In another instance I just located, Aldred glosses Latin credere (to believe) with OE to love.
allm’ ece god ðv ðe ðisses [dæg]ges arwyrðne halgne
Omnipotens sempiterne Deus, qui huius diei uenerandam sanctam
æc glæd’ eadges apo’stol ðines ioh’ 7 godspeller’
que laetitiam beati apostoli tui Iohannis et euuange
symbeltide gisaldes sel ciricae ðinre ve bid’ 7 lvfia
liste festiuitate tribuisti, da ecclesiae tuae quesumus et a
þ/te lvfade 7 bodia þ/ gilærde
mare quod credidit, et predicare quod docuit. Per.
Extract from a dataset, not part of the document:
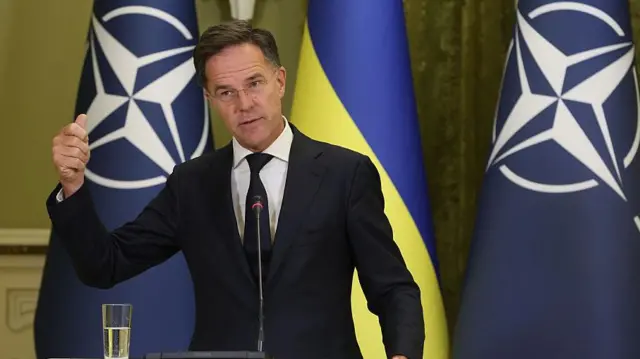 Марк Рютте что-то говорит, жестикулируя, на фоне флагов Украины и НАТО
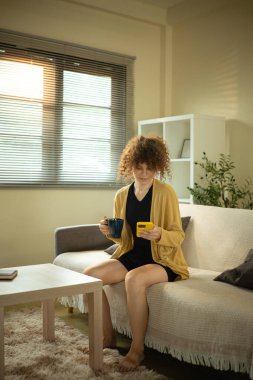 Rahatlamış bir kadın sabah kahvesinin tadını çıkarıyor ve telefonuna hafifçe aydınlatılmış bir evde bakıyor..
This Latin prayer for the celebration of the birth of St. John the Evangelist on 27 Dec. (fol. 23r6-9, item 311 in Correa’s edition) asks that God through St. John grant the church to love (amare) what he believed (credidit) and preach what he taught [I assume the referent is John]. However, Aldred glosses it to “love what he loved (lvfade) and preach what he taught.” Perhaps it struck a chord with fidelity oaths (to love what one’s lord loves).
This new example again shows that “love” is multivalent in a way different from our range of meaning in the word. It overlaps with belief and faithfulness.
Curiously, he also uses a “belief” word to gloss catholic, in the hot iron ordeal (fol. 54v10), one of the adjurations:
ic gihalsige ðec ðerh ða halga cirica gileaffvl’
adiuro te per sanctam ecclesiam catholicam
Whether he knows catholic means universal or not, this gloss adds to the semantic range for gileaf as either and both “belief-ful” and “faith-ful.” The holy church is made up of those faithful believers or believing faithful.
I am still working on the obedience angle, trying to decide if and when Aldred might have been tonsured as a monk. I would like to trace some kind of conversion experience over time.